Is there a BMW center cap available for the 17" Rial Salerno wheels? Will the cap from my '09 OEM 18" sport wheels (E92, 335i) fit in the Rial's? FYI: after much thought and consultation with Gary, I decided on the 17" wheel w/LM-60 non-run flats for the snow and ice conditions here in upstate NY.


----------



## Orient330iNYC (Jul 30, 2002)

stock caps fit.


----------



## Pedal2Floor (Jul 29, 2006)

docedkin said:


> Is there a BMW center cap available for the 17" Rial Salerno wheels? Will the cap from my '09 OEM 18" sport wheels (E92, 335i) fit in the Rial's? FYI: after much thought and consultation with Gary, I decided on the 17" wheel w/LM-60 non-run flats for the snow and ice conditions here in upstate NY.


Stock caps or $9/each from tire rack


----------



## [email protected] (Jun 10, 2003)

Pedal2Floor said:


> Stock caps or $9/each from tire rack


Unfortunately, we've had to raise the price to $11 per cap.

To get them added to your online order, simply refer to "Gary/addcaps11" as your previous contact or in the comments area at the end of the order and I'll add them to the order for you.


----------



## tlak77 (Aug 5, 2009)

It looks like TPMS went up in price as well (BERU 433MHZ SENSOR $80), right?
I though they were priced little less when I checked lest time - is it a different brand? 
T


----------



## fernande-bmw (Mar 2, 2004)

tlak77 said:


> It looks like TPMS went up in price as well (BERU 433MHZ SENSOR $80), right?
> I though they were priced little less when I checked lest time - is it a different brand?
> T


The TPMS sensors for the 2010 models are different and more expensive.


----------



## [email protected] (Jun 10, 2003)

fernande-bmw said:


> The TPMS sensors for the 2010 models are different and more expensive.


Correct.


----------



## tlak77 (Aug 5, 2009)

TPMS cost 1/2 of a tire :bawling:
Gary do you know if the sensor go into standby mode while not installed on the car (storing winter setup during the summer) is there any procedure for getting it into standby/hibernation.

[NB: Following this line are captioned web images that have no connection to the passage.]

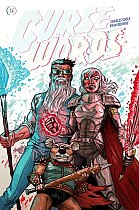 Curse Words Vol. 5: Fairy-Tale Ending comics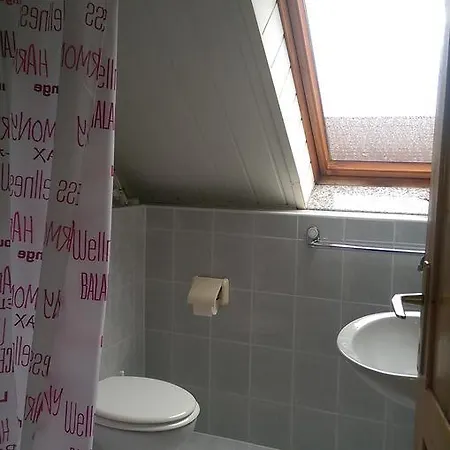 Appartementhaus Lilla 1 *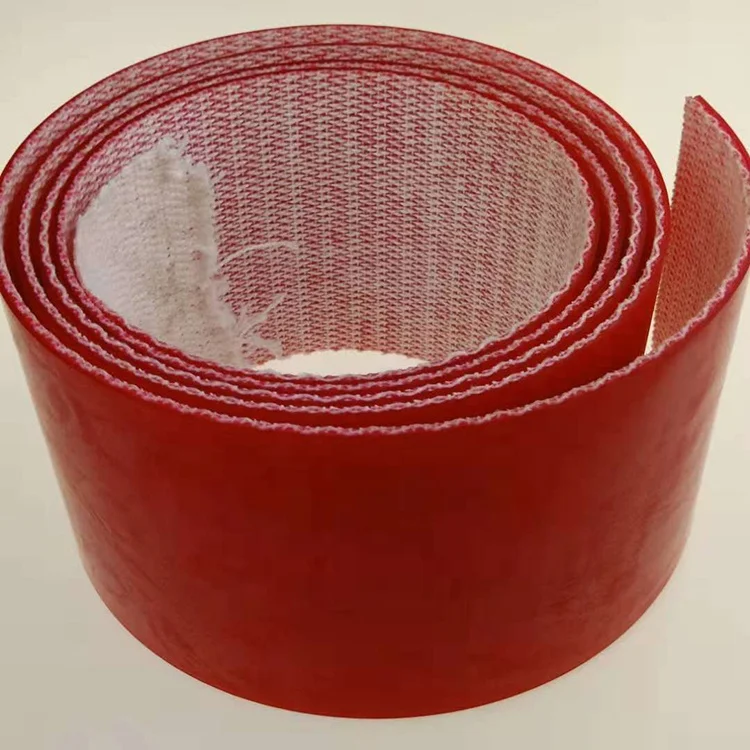 Pu die cutting belt for automatic flatbed die cutting machine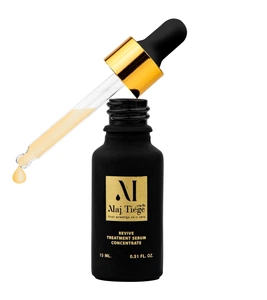 Maj Tiege Revive Treatment Serum Concentrate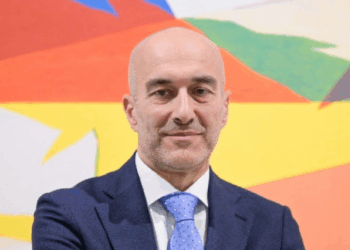 Roberto Mengoni è il nuovo Ambasciatore d’Italia in Nigeria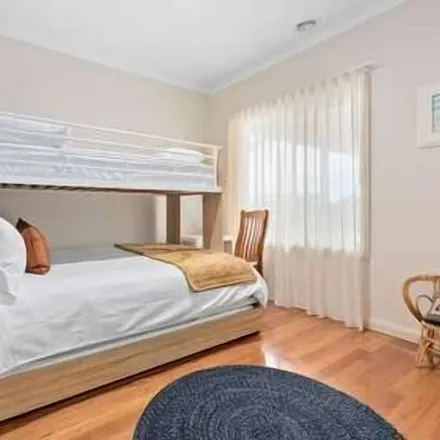 Rent this 4 bed apartment on Point Lonsdale VIC 3225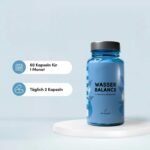 Water Balance,， for Liver Detox, Kidney Cleanse, Weight, Swelling, Edema, Bloating Relief,Helps Regulate Water Balance, - Image 2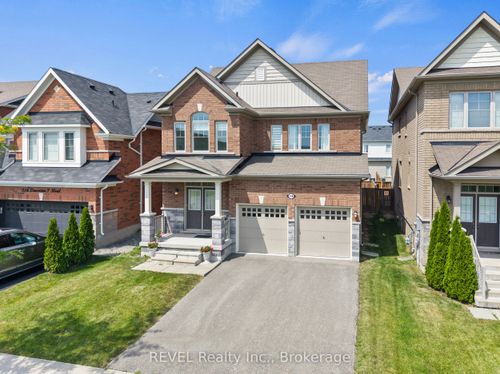 318 Concession Rd 3, Saint Davids, ON, L0S1J1 | Card Image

TPMS batteries should lest around 10years but environment always play a big role in battery live (heat decreases battery storage ability in general)
T


----------



## [email protected] (Jun 10, 2003)

tlak77 said:


> TPMS cost 1/2 of a tire :bawling:
> Gary do you know if the sensor go into standby mode while not installed on the car (storing winter setup during the summer) is there any procedure for getting it into standby/hibernation. TPMS batteries should lest around 10years but environment always play a big role in battery live (heat decreases battery storage ability in general)
> T


Someone could correct me if i'm wrong on this but I believe that they are only active when activated by motion to preserve battery life.


----------



## thebmw (Oct 19, 2006)

Is Tire Rack replacing recently purchased TMPS sensors with 2010 sensors? I just bought from Tire Rack a set of winter tires and rims for the winter (for a 2010 335 coupe) and now I hear that I have the wrong sensors on the wheels!!! Here is a thread that states that Tire Rack is replacing the sensors:

http://www.bimmerfest.com/forums/showthread.php?t=411493


----------



## thebmw (Oct 19, 2006)

Duplicate post.


----------